▶ Data for analysis
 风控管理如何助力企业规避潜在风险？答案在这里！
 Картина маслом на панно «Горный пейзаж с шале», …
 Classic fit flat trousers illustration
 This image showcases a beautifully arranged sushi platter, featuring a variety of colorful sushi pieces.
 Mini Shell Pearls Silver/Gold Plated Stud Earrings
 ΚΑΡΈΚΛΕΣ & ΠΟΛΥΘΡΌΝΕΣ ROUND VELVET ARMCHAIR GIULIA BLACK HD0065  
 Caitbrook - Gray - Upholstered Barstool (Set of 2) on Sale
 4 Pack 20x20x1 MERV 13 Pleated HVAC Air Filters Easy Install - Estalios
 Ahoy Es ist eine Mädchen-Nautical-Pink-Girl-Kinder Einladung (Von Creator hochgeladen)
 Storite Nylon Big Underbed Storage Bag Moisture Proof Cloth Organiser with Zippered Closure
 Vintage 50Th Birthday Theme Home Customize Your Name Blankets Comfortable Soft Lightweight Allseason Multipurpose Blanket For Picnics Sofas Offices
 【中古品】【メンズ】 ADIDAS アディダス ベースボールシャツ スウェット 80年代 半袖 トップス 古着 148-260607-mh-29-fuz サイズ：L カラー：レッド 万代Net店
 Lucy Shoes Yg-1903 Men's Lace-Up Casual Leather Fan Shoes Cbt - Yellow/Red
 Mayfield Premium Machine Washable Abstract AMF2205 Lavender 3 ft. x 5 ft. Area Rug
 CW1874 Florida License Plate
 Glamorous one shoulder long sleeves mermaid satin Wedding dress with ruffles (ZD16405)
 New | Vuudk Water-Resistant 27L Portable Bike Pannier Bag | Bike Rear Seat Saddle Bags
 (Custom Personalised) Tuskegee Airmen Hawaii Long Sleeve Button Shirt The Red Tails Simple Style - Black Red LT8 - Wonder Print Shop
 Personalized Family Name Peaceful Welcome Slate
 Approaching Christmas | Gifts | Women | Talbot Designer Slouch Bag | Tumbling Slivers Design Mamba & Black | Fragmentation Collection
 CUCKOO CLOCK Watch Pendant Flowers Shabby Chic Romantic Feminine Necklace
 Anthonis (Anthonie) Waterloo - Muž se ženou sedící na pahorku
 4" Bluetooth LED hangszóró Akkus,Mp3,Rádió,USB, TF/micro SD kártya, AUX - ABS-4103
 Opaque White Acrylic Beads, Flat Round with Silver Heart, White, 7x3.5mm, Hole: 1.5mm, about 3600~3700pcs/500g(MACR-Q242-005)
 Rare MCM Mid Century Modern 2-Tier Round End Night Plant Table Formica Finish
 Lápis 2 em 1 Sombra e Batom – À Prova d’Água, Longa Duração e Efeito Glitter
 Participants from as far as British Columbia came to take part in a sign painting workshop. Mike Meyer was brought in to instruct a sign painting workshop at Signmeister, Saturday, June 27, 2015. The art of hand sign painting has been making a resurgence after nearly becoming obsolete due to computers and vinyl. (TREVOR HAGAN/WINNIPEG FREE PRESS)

▶ Exercise prompt
For every line in the material, write out an exact copy.

▶ Exercise output
 风控管理如何助力企业规避潜在风险？答案在这里！
 Картина маслом на панно «Горный пейзаж с шале», …
 Classic fit flat trousers illustration
 This image showcases a beautifully arranged sushi platter, featuring a variety of colorful sushi pieces.
 Mini Shell Pearls Silver/Gold Plated Stud Earrings
 ΚΑΡΈΚΛΕΣ & ΠΟΛΥΘΡΌΝΕΣ ROUND VELVET ARMCHAIR GIULIA BLACK HD0065  
 Caitbrook - Gray - Upholstered Barstool (Set of 2) on Sale
 4 Pack 20x20x1 MERV 13 Pleated HVAC Air Filters Easy Install - Estalios
 Ahoy Es ist eine Mädchen-Nautical-Pink-Girl-Kinder Einladung (Von Creator hochgeladen)
 Storite Nylon Big Underbed Storage Bag Moisture Proof Cloth Organiser with Zippered Closure
 Vintage 50Th Birthday Theme Home Customize Your Name Blankets Comfortable Soft Lightweight Allseason Multipurpose Blanket For Picnics Sofas Offices
 【中古品】【メンズ】 ADIDAS アディダス ベースボールシャツ スウェット 80年代 半袖 トップス 古着 148-260607-mh-29-fuz サイズ：L カラー：レッド 万代Net店
 Lucy Shoes Yg-1903 Men's Lace-Up Casual Leather Fan Shoes Cbt - Yellow/Red
 Mayfield Premium Machine Washable Abstract AMF2205 Lavender 3 ft. x 5 ft. Area Rug
 CW1874 Florida License Plate
 Glamorous one shoulder long sleeves mermaid satin Wedding dress with ruffles (ZD16405)
 New | Vuudk Water-Resistant 27L Portable Bike Pannier Bag | Bike Rear Seat Saddle Bags
 (Custom Personalised) Tuskegee Airmen Hawaii Long Sleeve Button Shirt The Red Tails Simple Style - Black Red LT8 - Wonder Print Shop
 Personalized Family Name Peaceful Welcome Slate
 Approaching Christmas | Gifts | Women | Talbot Designer Slouch Bag | Tumbling Slivers Design Mamba & Black | Fragmentation Collection
 CUCKOO CLOCK Watch Pendant Flowers Shabby Chic Romantic Feminine Necklace
 Anthonis (Anthonie) Waterloo - Muž se ženou sedící na pahorku
 4" Bluetooth LED hangszóró Akkus,Mp3,Rádió,USB, TF/micro SD kártya, AUX - ABS-4103
 Opaque White Acrylic Beads, Flat Round with Silver Heart, White, 7x3.5mm, Hole: 1.5mm, about 3600~3700pcs/500g(MACR-Q242-005)
 Rare MCM Mid Century Modern 2-Tier Round End Night Plant Table Formica Finish
 Lápis 2 em 1 Sombra e Batom – À Prova d’Água, Longa Duração e Efeito Glitter
 Participants from as far as British Columbia came to take part in a sign painting workshop. Mike Meyer was brought in to instruct a sign painting workshop at Signmeister, Saturday, June 27, 2015. The art of hand sign painting has been making a resurgence after nearly becoming obsolete due to computers and vinyl. (TREVOR HAGAN/WINNIPEG FREE PRESS)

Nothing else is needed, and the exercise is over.